§ Required work:
Write out, exactly and only, the lines that run from the top of the records to the line with "Super Mario Anime". Include both ends; exclude pictures.

[Caption-style text data]

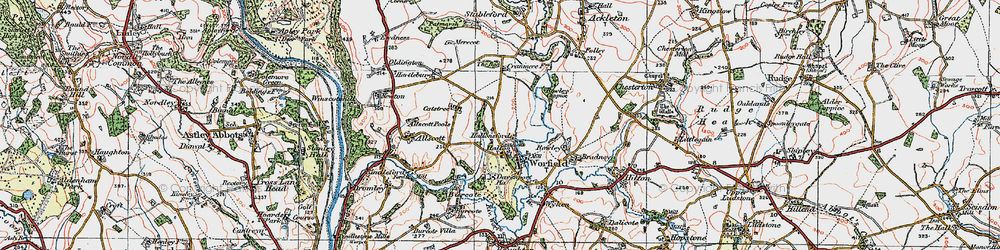 Old map of Hallon in 1921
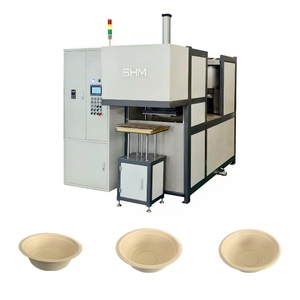 Machine de moulage de pâte à papier pour la fabrication de vaisselle compostable à partir de bagasse et de pâte de bois - Product Image 4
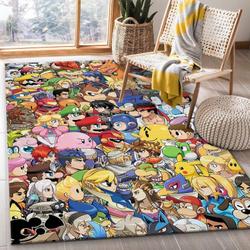 Super Mario Anime Area Rug Living Room And Bed Room Rug Rug Regtangle Carpet Floor Decor Home Decor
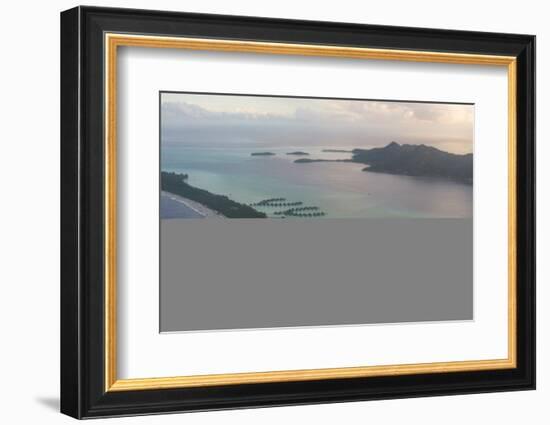 Aerial of Bora Bora, Society Islands, French Polynesia, Pacific-Michael Runkel-Framed Photographic Print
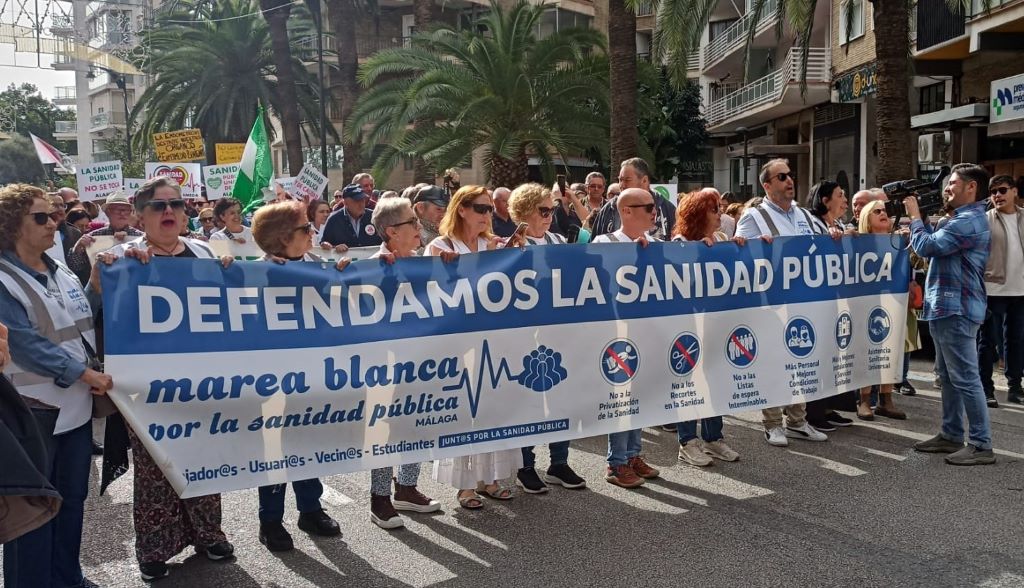 Trabajadores cristianos se unen a las manifestaciones andaluzas por la sanidad pública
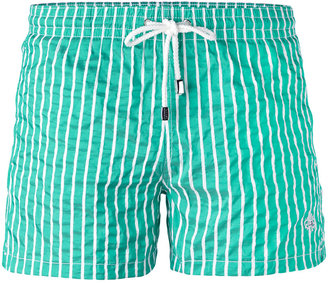 Borrelli striped swim shorts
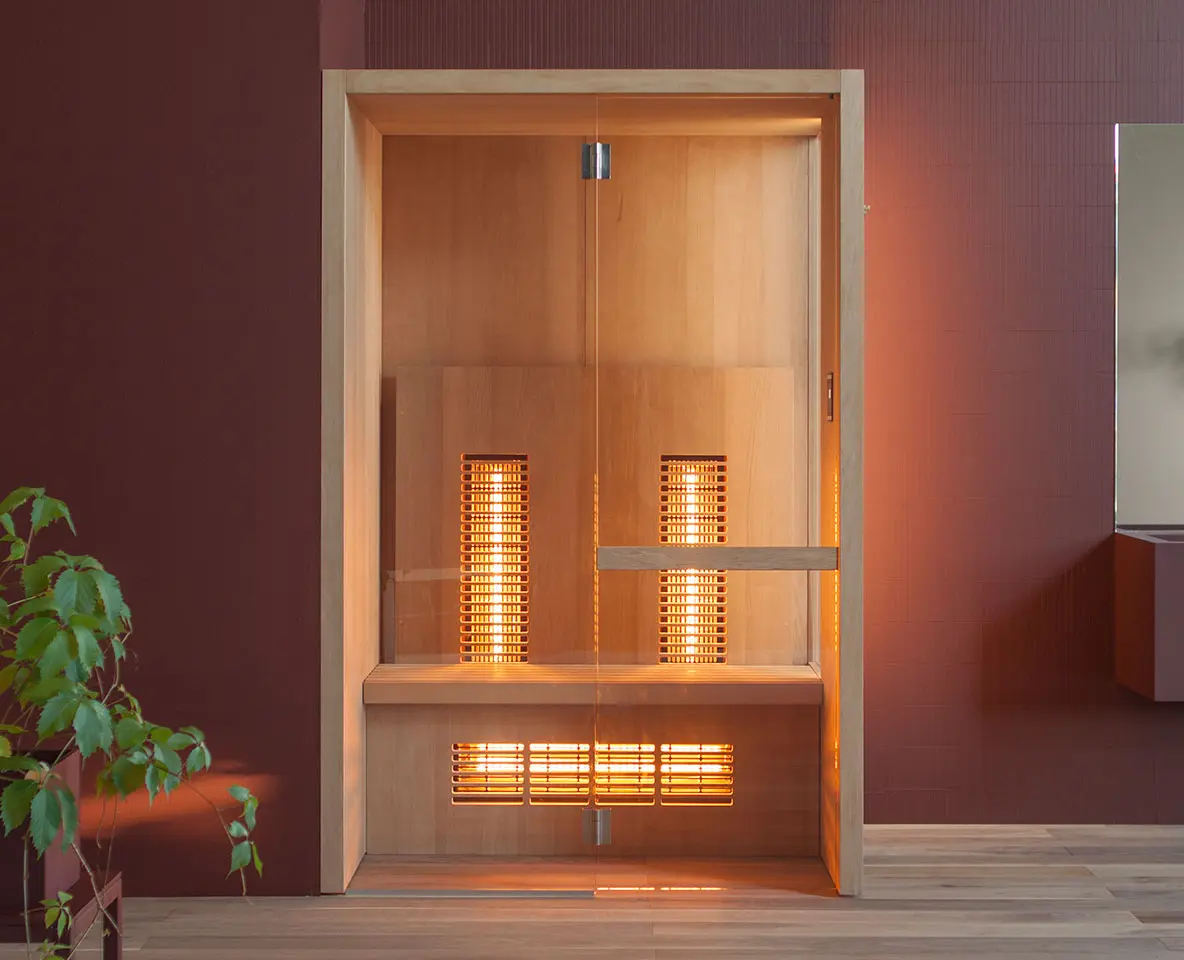 EFFE Natural IR infrarood sauna met zachte warmte en geïntegreerd ontwerp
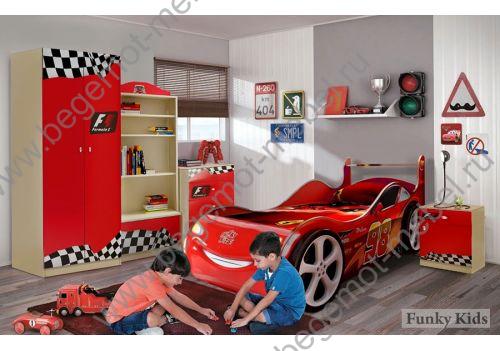 Кровать машина Молния Маквин арт 20006 - мебель серии Фанки Авто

§ Response area:
 Old map of Hallon in 1921
 Machine de moulage de pâte à papier pour la fabrication de vaisselle compostable à partir de bagasse et de pâte de bois - Product Image 4
 Super Mario Anime Area Rug Living Room And Bed Room Rug Rug Regtangle Carpet Floor Decor Home Decor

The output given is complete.